## How to complete this task
Stop at the line containing "Rooftop bar Skydeck": repeat exactly every line of the entries below from the first up to it, plus that line, with pictures omitted.

## Source records
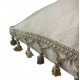 Silk Cushion - Foliar Tassel Fringe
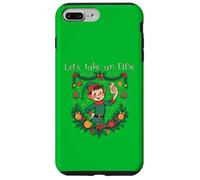 Lets Take an Elfie Christmas Elf Cheerful Selfie Pun Fun Case for iPhone 7 Plus/8 Plus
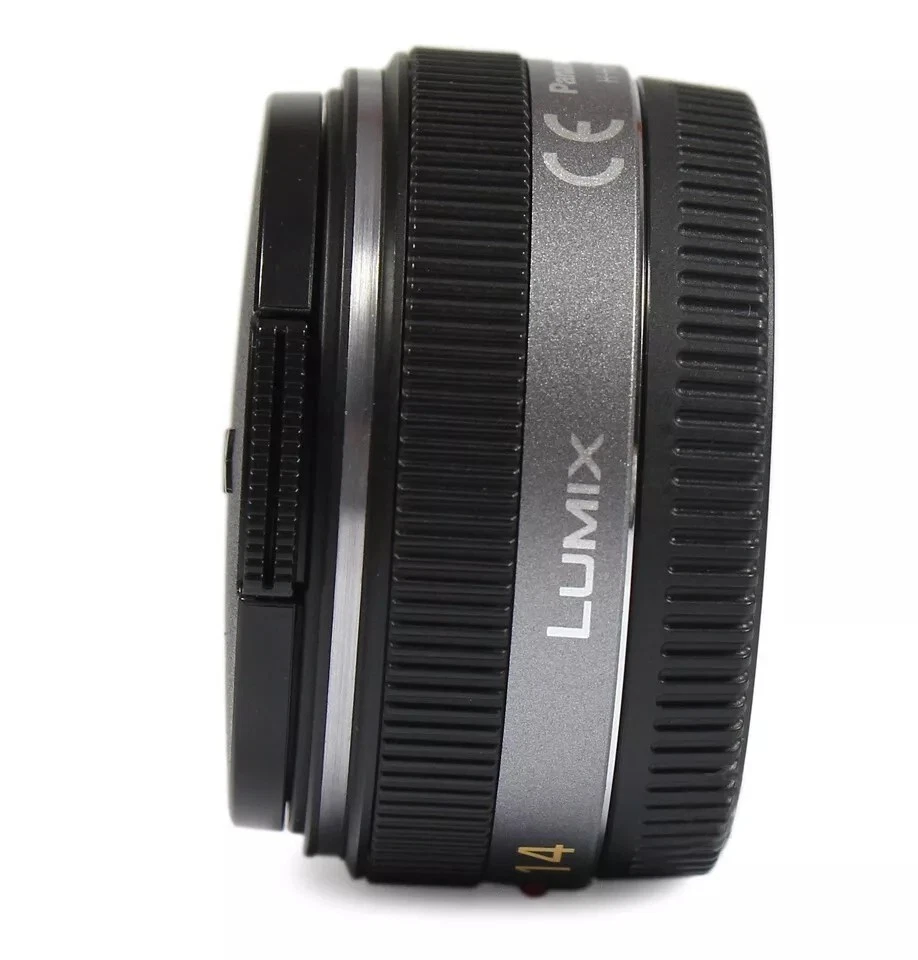 For Panasonic LUMIX G 14mm F/2.5 ASPH AF Lens H-H014 M4/3-Mount Sliver - Image 2 of 4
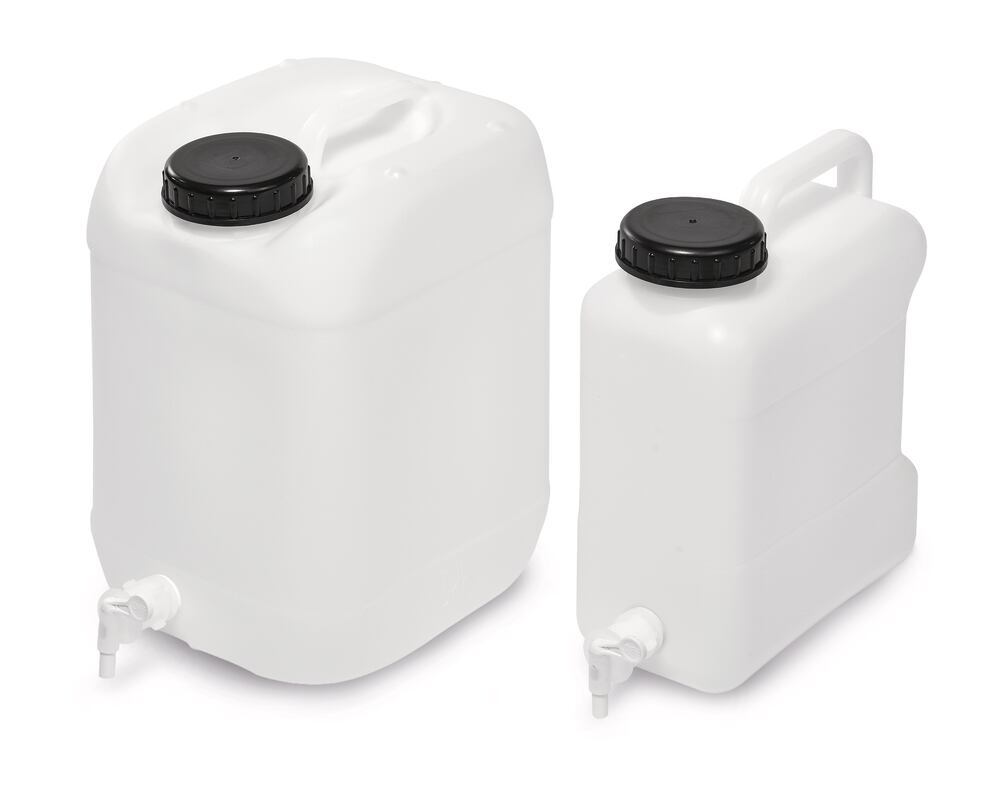 Storage container PE-HD 20 l with outlet tap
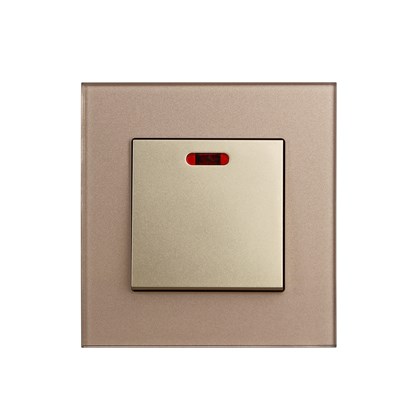 45 Amp Neon Insert Gold Temp Glass
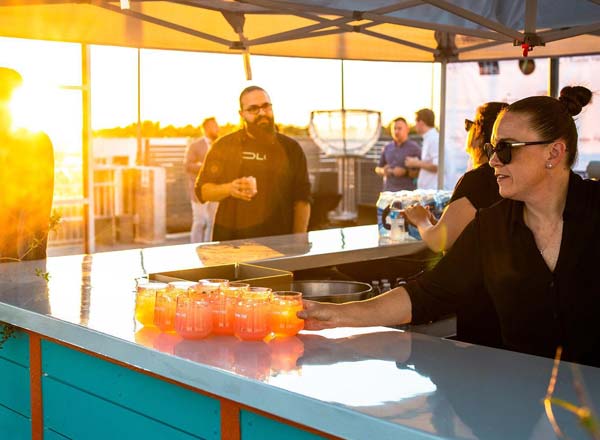 Rooftop bar Skydeck at The Clarendon in Phoenix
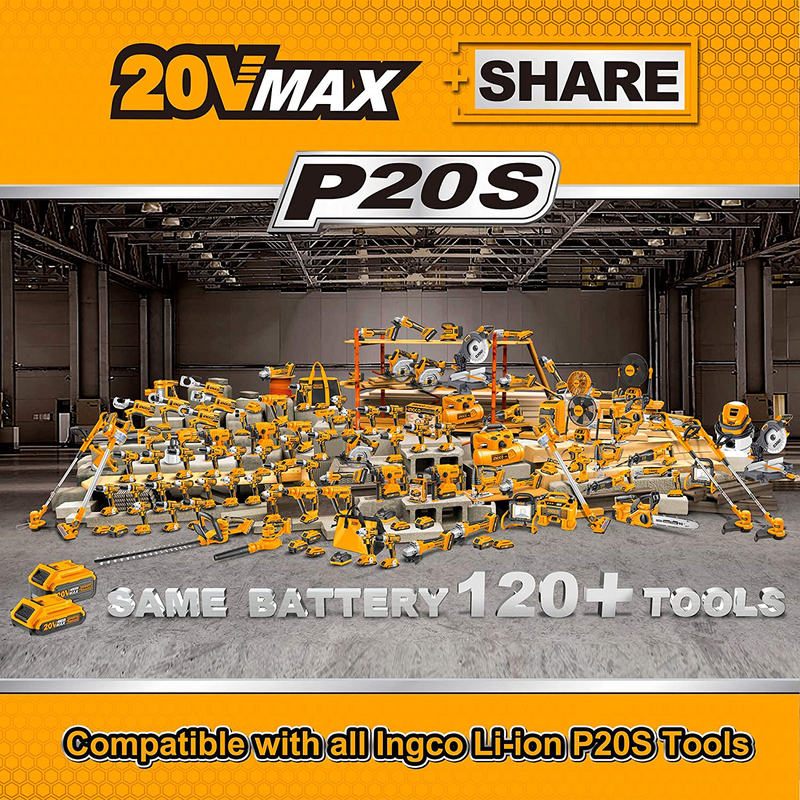 Ingco fbli2002 lithium battery 4ah 20v, , medium-null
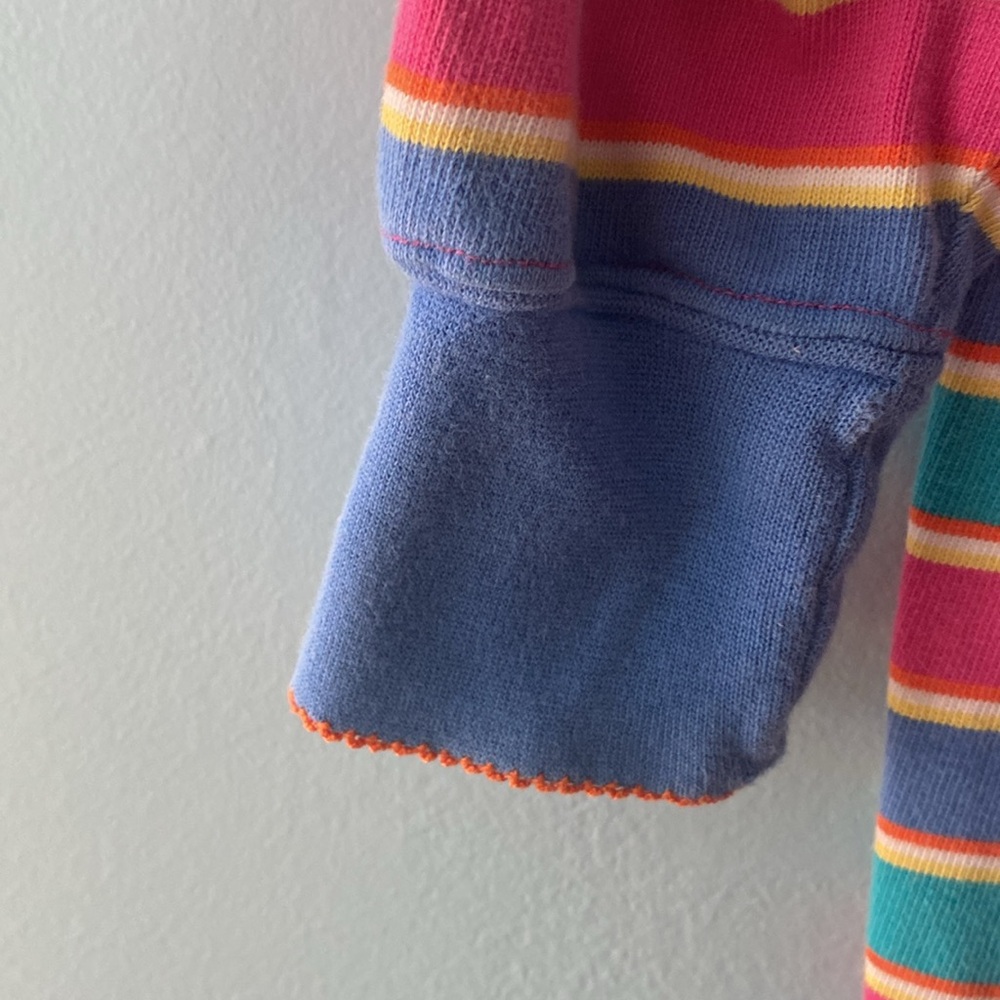 GYMBOREE TODDLER DRESS PRETTY STRIPED LONG SLEEVE SIZE M EUC - Picture 2 of 7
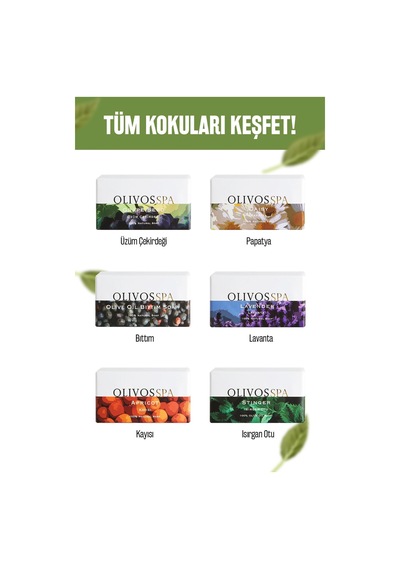 %100 Doğal Spa Serisi Zeytin Yaprağı Ve Zeytinyağı Katı Sabun El Saf Sabun - Zeytinyağı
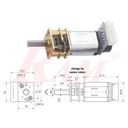 Micro Metal (With Encoder) 12V DC Geared Motor 35 rpm (GA12-N20)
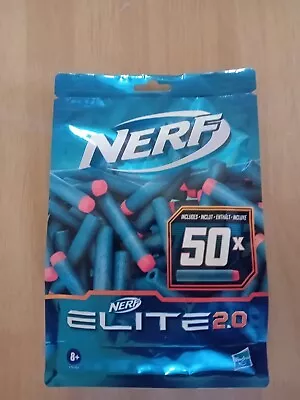 Buy Nerf Elite 2.0 Refill 50x Foam Bullets Official Outdoor Replacement Darts New  • 6.99£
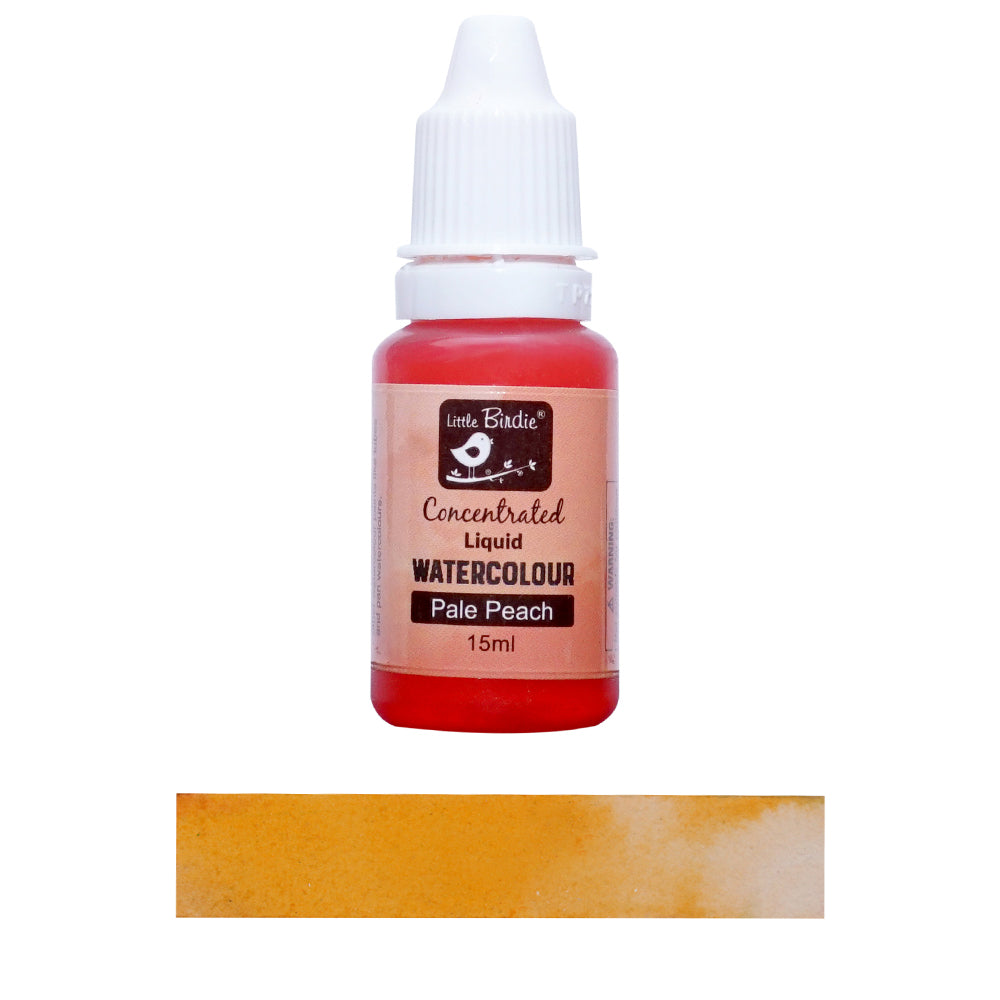 Concentrated Liquid Watercolour Ink Pale Peach 15Ml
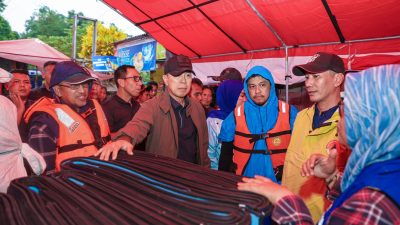 Respons Cepat, Gubernur Sultra Tinjau Langsung Lokasi Banjir di Lepo-Lepo Kendari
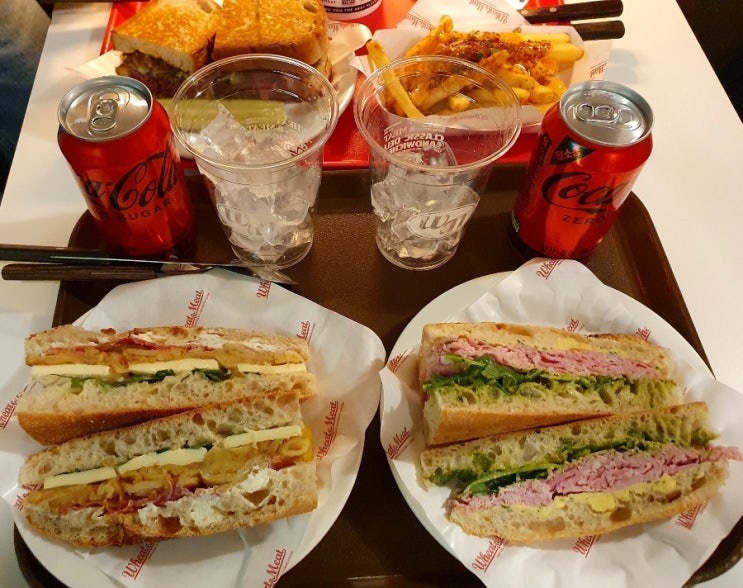  강남 신논현역 정통 아메리칸 샌드위치 브런치 맛집 위트앤미트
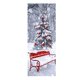 thumbnail image 5 of 77cm 77 cm/90 cm decoración navideña pegatinas de pared 3d muñeco de nieve Santa Claus patrón de árbol de Navidad pegatinas de puerta impermeables, 5 of 5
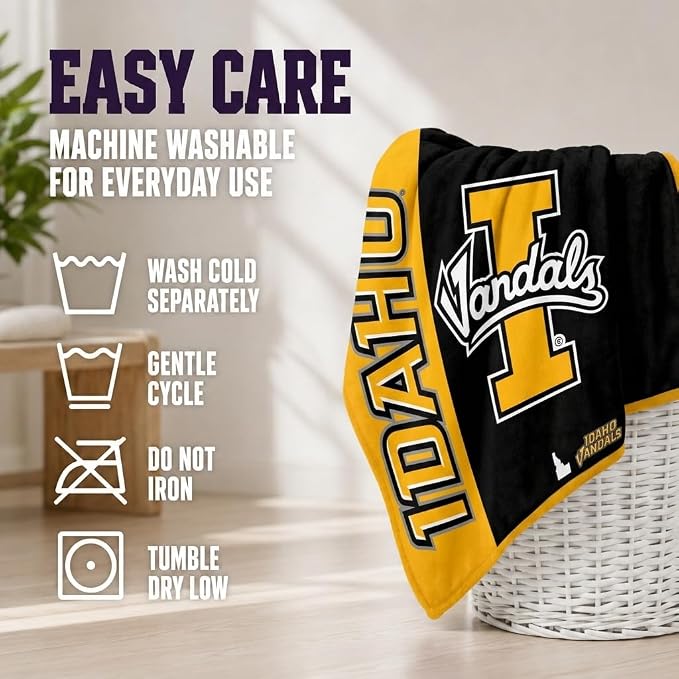 Proformance Home NCAA Idaho Vandals Endzone Ultra Soft Tailgate Throw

## Written answer
 Silk Cushion - Foliar Tassel Fringe
 Lets Take an Elfie Christmas Elf Cheerful Selfie Pun Fun Case for iPhone 7 Plus/8 Plus
 For Panasonic LUMIX G 14mm F/2.5 ASPH AF Lens H-H014 M4/3-Mount Sliver - Image 2 of 4
 Storage container PE-HD 20 l with outlet tap
 45 Amp Neon Insert Gold Temp Glass
 Rooftop bar Skydeck at The Clarendon in Phoenix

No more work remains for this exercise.